On 4 June 2020, the Government announced that they will “legislate to ensure businesses that suffered as a result of the COVID-19 response will get help to resolve disputes over commercial rent issues”.
At a glance
- The proposed changes announced 4 June 2020 cover commercial lease disputes that have yet to be resolved. The details of the law has yet to pass Parliament.
- Commercial property owners are now required to negotiate rent reductions with tenants that have suffered a loss of revenue due to COVID-19.
- It does not matter whether your lease has cl 27.5 or not as that clause is now implied to all leases (that meet eligibility criteria).
- The Government will provide a $6000 subsidy per arbitration, which is expected to cover about 75% of the arbitration cost (at least one party to the dispute has to be SME receiving Wage Subsidy).
- It only applies to New Zealand-based businesses that have 20 or fewer full-time staff at each leased site. It will not apply to businesses that have an overseas head office or are part of an overseas-based multi-national.
- The change will apply from 4 June 2020 until six months after legislation is passed.
- implying a clause into the commercial leases of businesses that meet eligibility criteria, similar to the “No Access in Emergency” clause, which would require that a fair proportion of rent and outgoings cease to be paid.
- providing statutory direction on how the implied clause is to be interpreted, including the factors that would need to be considered in setting the reduced rent.
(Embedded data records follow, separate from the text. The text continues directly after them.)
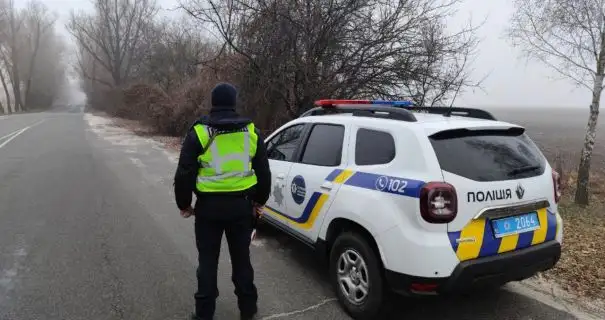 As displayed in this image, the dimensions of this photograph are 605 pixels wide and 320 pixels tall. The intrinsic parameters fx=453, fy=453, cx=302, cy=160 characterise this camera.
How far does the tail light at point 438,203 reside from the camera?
9.79 ft

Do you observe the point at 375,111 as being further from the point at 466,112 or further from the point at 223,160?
the point at 223,160

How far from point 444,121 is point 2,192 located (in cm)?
763

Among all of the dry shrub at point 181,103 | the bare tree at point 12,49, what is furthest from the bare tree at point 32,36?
the dry shrub at point 181,103

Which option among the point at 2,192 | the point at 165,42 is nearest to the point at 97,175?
the point at 2,192

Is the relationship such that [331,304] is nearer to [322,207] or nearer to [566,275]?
[322,207]

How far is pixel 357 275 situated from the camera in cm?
352

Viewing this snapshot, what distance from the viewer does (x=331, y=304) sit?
3.79 m

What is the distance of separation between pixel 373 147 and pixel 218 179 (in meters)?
1.24

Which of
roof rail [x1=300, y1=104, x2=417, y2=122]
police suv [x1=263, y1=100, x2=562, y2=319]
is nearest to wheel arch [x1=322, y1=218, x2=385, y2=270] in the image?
police suv [x1=263, y1=100, x2=562, y2=319]

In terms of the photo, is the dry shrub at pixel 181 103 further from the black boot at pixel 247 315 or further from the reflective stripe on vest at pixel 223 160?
the black boot at pixel 247 315

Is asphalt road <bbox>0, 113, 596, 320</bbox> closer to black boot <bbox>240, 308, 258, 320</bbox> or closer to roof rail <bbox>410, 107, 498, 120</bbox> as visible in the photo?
black boot <bbox>240, 308, 258, 320</bbox>

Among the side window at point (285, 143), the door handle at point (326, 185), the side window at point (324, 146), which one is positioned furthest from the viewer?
the side window at point (285, 143)

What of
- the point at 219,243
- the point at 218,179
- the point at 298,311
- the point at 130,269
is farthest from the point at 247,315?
the point at 130,269

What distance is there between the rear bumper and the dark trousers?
3.52 feet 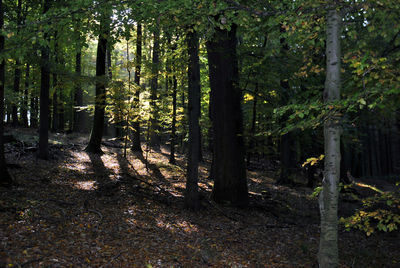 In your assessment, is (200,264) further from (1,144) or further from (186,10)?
(1,144)

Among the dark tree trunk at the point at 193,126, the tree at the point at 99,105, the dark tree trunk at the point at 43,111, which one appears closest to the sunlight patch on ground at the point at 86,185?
the dark tree trunk at the point at 43,111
This would avoid the disputes that are happening now when applying the “No Access in Emergency” clause.
- requiring that disputes about the implied clause be settled through a compulsory arbitration process.
- supporting parties to access arbitration in a timely and cost-effective manner through a Government subsidy provided for streamlined arbitrations.
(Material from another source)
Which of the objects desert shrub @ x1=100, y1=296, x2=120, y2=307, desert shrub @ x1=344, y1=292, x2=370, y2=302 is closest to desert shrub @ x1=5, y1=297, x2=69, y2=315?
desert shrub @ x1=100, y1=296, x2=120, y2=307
Eligibility limited to SMEs that:
- have  or fewer full-time equivalent staff; [NOTE this cap may change]
- are New Zealand based (to be defined). Businesses that have an overseas head office or are part of an overseas based multi-national would not have the term implied into their leases.
Exact wording to be finalised but “there is, or has been a material negative impact on the tenant’s business due to COVID-19, whether or not the lessee is able to access the premises”.
The parties are to negotiate a fair proportion of rent and outgoings that would cease to be paid. Parties could consider whether, in the circumstances, it was most appropriate for this to take the form of:
- no rent being payable for a period; or
- reduced rent being payable for a period, including reductions of varying levels over successive periods; or
- a scheduled rent increase being deferred; or
- rent continues to be paid unabated; or
- a mix of any of these options.
Rent deferment may be an option, if it is fair in the circumstances.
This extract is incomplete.